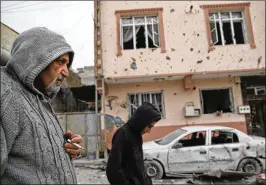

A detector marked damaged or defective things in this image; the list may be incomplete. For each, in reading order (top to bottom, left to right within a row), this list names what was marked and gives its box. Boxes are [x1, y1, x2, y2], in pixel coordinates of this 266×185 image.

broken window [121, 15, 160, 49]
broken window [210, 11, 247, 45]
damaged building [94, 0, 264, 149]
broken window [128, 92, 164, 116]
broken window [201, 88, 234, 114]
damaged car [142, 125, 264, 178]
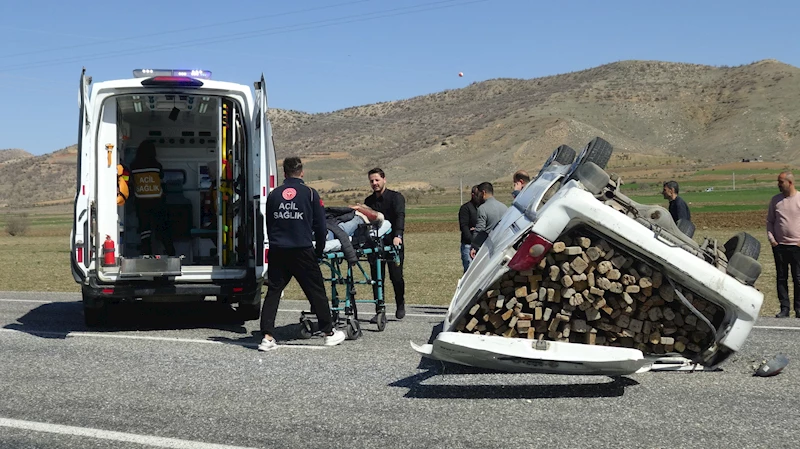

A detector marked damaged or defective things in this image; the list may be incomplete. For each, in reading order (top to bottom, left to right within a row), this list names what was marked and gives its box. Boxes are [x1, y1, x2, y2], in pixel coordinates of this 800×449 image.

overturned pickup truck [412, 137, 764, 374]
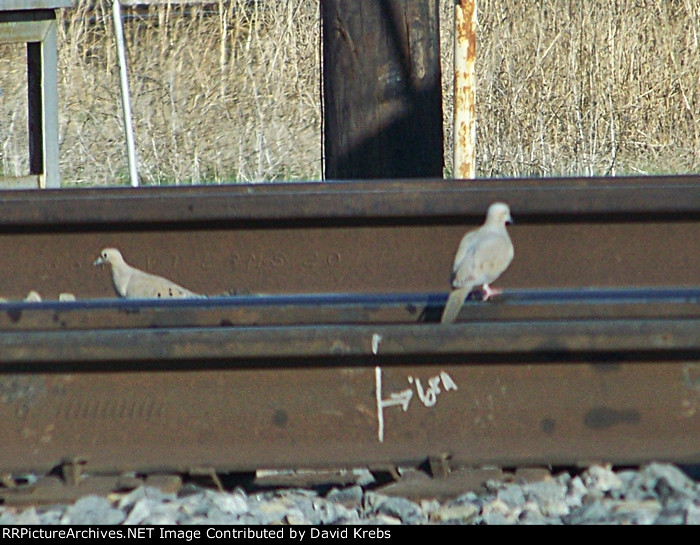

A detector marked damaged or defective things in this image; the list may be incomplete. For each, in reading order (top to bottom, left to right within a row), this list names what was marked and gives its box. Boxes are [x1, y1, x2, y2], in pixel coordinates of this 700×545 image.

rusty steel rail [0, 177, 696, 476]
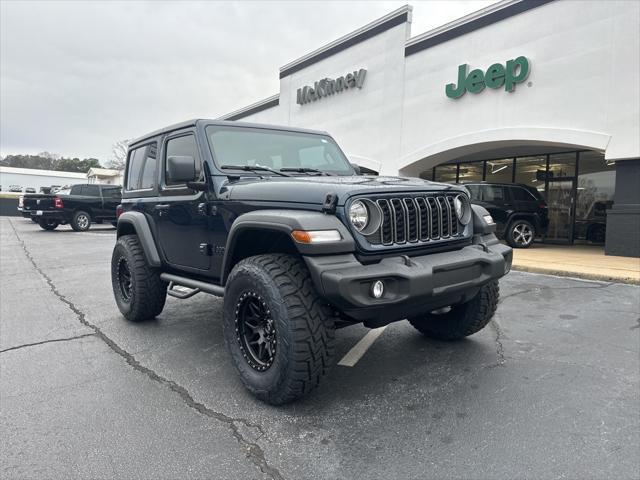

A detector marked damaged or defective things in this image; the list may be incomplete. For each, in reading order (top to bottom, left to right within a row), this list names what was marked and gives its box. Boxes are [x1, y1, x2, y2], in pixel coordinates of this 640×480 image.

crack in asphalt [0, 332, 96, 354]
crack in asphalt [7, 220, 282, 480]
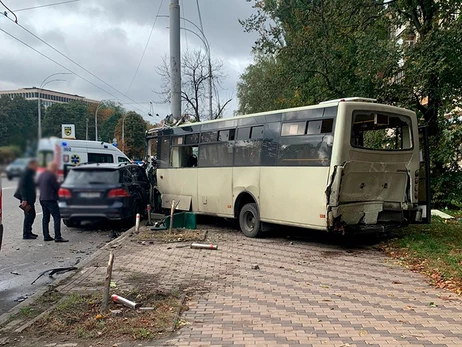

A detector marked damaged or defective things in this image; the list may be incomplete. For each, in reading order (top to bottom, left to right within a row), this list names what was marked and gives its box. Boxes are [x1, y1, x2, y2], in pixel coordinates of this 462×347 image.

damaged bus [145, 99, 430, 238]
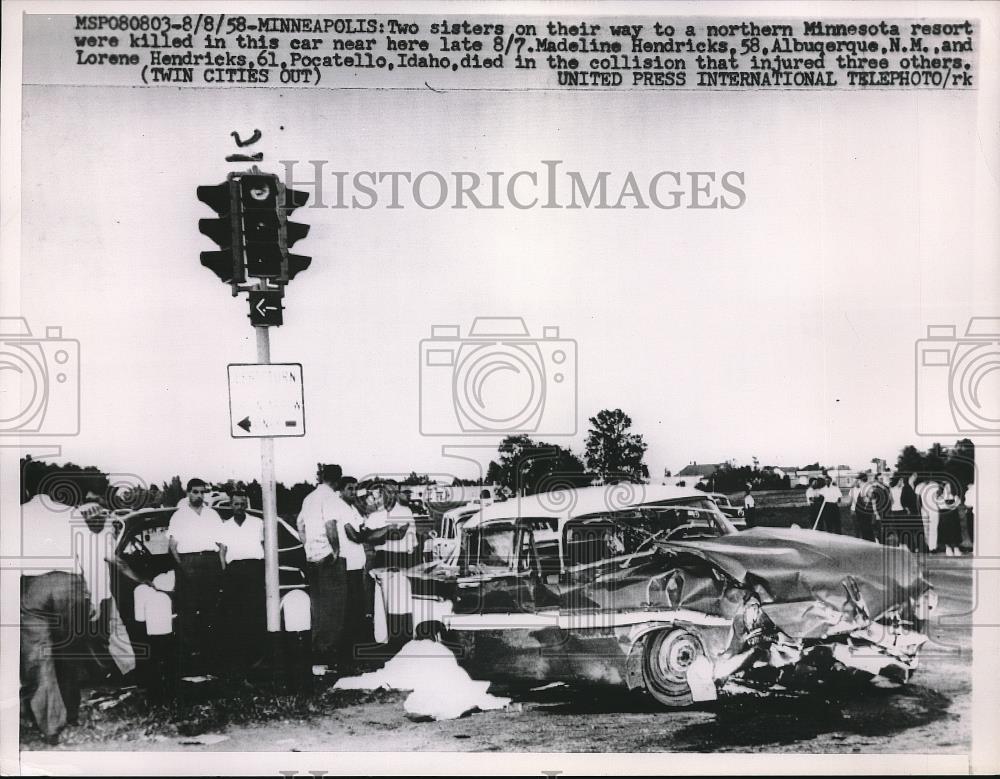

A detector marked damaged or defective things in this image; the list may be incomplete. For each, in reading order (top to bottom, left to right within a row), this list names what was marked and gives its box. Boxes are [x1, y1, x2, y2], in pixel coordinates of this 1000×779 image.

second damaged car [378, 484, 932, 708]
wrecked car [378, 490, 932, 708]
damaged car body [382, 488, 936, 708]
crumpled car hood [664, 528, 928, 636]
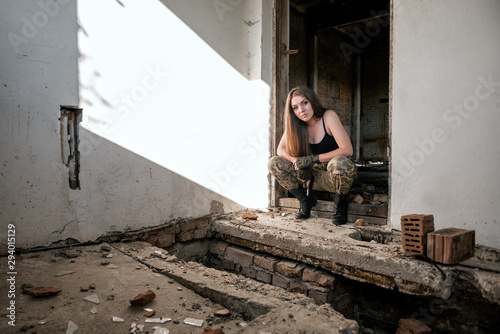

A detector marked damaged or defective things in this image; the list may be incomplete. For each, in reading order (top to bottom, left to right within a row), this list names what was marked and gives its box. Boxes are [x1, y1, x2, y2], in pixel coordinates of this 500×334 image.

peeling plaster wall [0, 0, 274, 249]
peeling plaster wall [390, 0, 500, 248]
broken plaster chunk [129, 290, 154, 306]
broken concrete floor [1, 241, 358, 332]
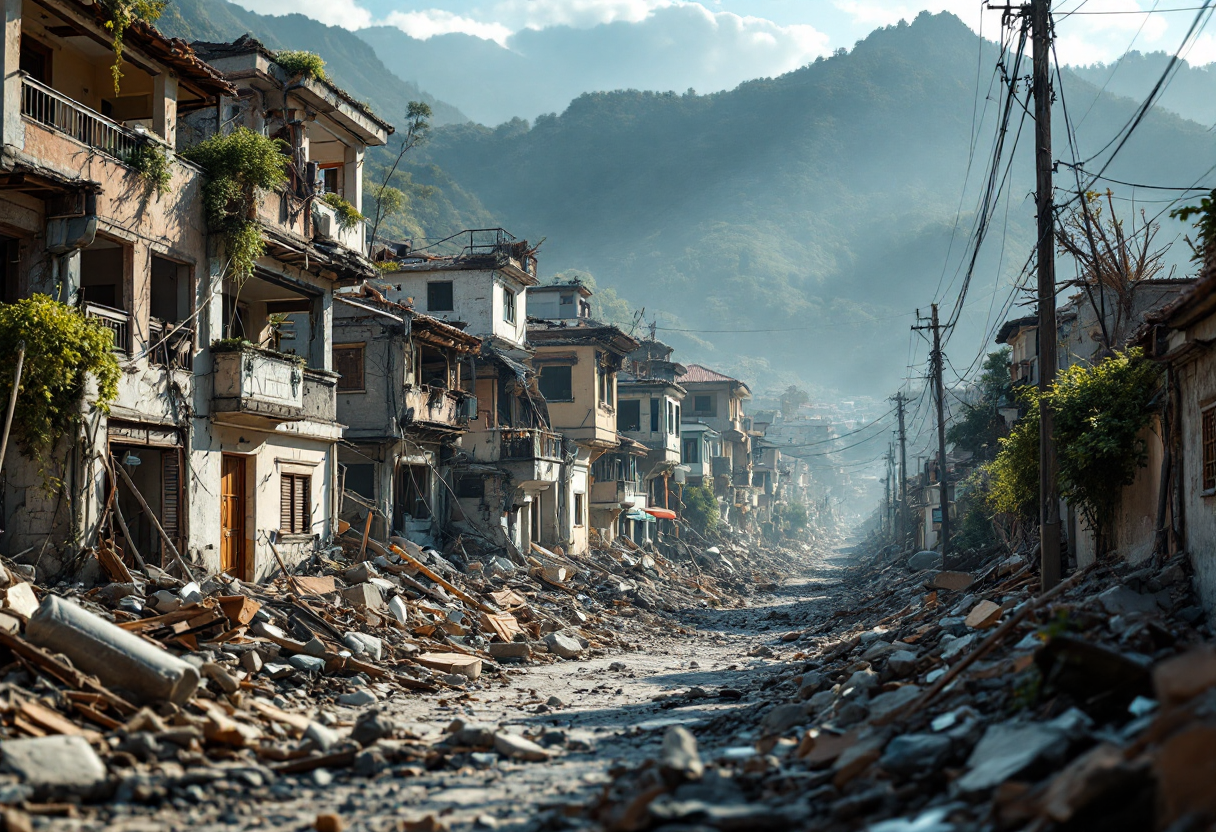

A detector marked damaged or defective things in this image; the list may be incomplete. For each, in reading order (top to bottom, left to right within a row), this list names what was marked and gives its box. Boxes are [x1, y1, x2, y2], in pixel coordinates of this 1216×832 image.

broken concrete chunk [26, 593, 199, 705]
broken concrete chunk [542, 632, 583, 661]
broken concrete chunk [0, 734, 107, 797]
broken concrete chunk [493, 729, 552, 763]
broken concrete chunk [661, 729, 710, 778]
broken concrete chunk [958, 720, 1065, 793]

********

*Goal of the exercise*.
Return the final stretch of the listing exactly, starting with the line that contains "this 1216×832 image." and ending with the last line.

*Task output*.
A detector marked damaged or defective things in this image; the list may be incomplete. For each, in reading order (top to bottom, left to right within a row), this list names what was marked and gives its box. Boxes are [x1, y1, x2, y2], in pixel coordinates of this 1216×832 image.

broken concrete chunk [26, 593, 199, 705]
broken concrete chunk [542, 632, 583, 661]
broken concrete chunk [0, 734, 107, 797]
broken concrete chunk [493, 729, 552, 763]
broken concrete chunk [661, 729, 710, 778]
broken concrete chunk [958, 720, 1065, 793]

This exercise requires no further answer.